Dubbed digital natives, these generations (born between 1981 and 1996) came of age alongside online platforms and phones, and are believed to make up half of the world’s working population.
Worklife spoke to Human Resources professionals to understand how these young generations are reshaping the workplace.
This new generation has been described as restless, impatient, entitled and unable to be loyal to one job. Are they just a fun-loving bunch afraid of responsibility?
Selwood Consultants Executive Director Gabriel Kariuki reckons that this new generation needs to be “properly” nurtured to harness their energy and capacity.
Perhaps, the verve that baby boomers (their parents) had has fizzled out with this new generation. “They have challenges in terms of attention to details, consistency and taking life extremely seriously,” he said.
How important is a work-life balance for them compared to the older generations? And are we being too harsh on people who just want decent working hours and pay?
“I think for them, life is more important than work. The upbringing is the real challenge because the parents have done most of the things for them even after they are employed,” said Kariuki alluding to the perceptions that they are spoilt brats.
“They will go to great lengths to do betting, take all kinds of loans from Mshwari, Tala, Branch, Fuliza, and even shylock, without caring much about how the same will be repaid.
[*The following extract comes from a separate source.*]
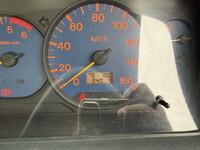 MAZDA Titan Dash Flat Body KR-SYF4L 2007 24,100km_30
Literally short of living way beyond their means,” he added.
Does it take more than good pay to keep them? Firms have no choice but to adjust and accommodate them, explains Kariuki. This is as the future of work rapidly changes to incorporate more technology and even remote working.
“The firms have no choice but to make suitable adjustments because as the old generation exits the workplace, these are the people you are left to work with,” added Mr Kariuki.
“You need a workplace policy that accommodates their interests if you are to keep them. Such include flexitime, relaxed dress code, social media flexibility, availability of wifi.”
Kariuki notes that employers need to keep thinking of ways to accommodate their trends and styles as they even change the workplace dressing codes.
It’s no longer a stiff suit and ties but “business casual” he notes, previously unheard of.
“Unless checked, the dress code has changed to less formal, and management has to keep thinking of ways of accommodating their styles and trends.” But might have society gotten them wrong and want what all workers desire.
Kariuki noted that the misconceptions are that they are lazy and cannot be relied upon and don’t perform assigned tasks properly. He insists they are productive people when properly guided, directed and supervised.
“Whereas their uptake of professional advice from the older generation is low, they are technologically savvy and curious to know how to do things better, using less time and fewer resources,” said Kariuki, explaining the folly of them thinking they’ll never grow old. “The key thing is to understand them, train them and if possible, drill them accordingly on professional practices. They also need a change of mindset that the older generation is not all that outdated!”
A recent survey by Deloitte notes that online platforms and social media have handed Millennials and Generation Z the ability and power to dish out their opinions, influence distant people and institutions, and question authority in new ways.
“These forces have shaped their worldviews, values, and behaviours. Digital natives’ ability to connect, convene, and create disruption via their keyboards and smartphones has had a global impact,” said the Deloitte Global 2021 Millennial and Gen Z Survey.
The global change movements such as Black Lives Matter marches on climate change and the #MeToo movement have been fueled by these generations.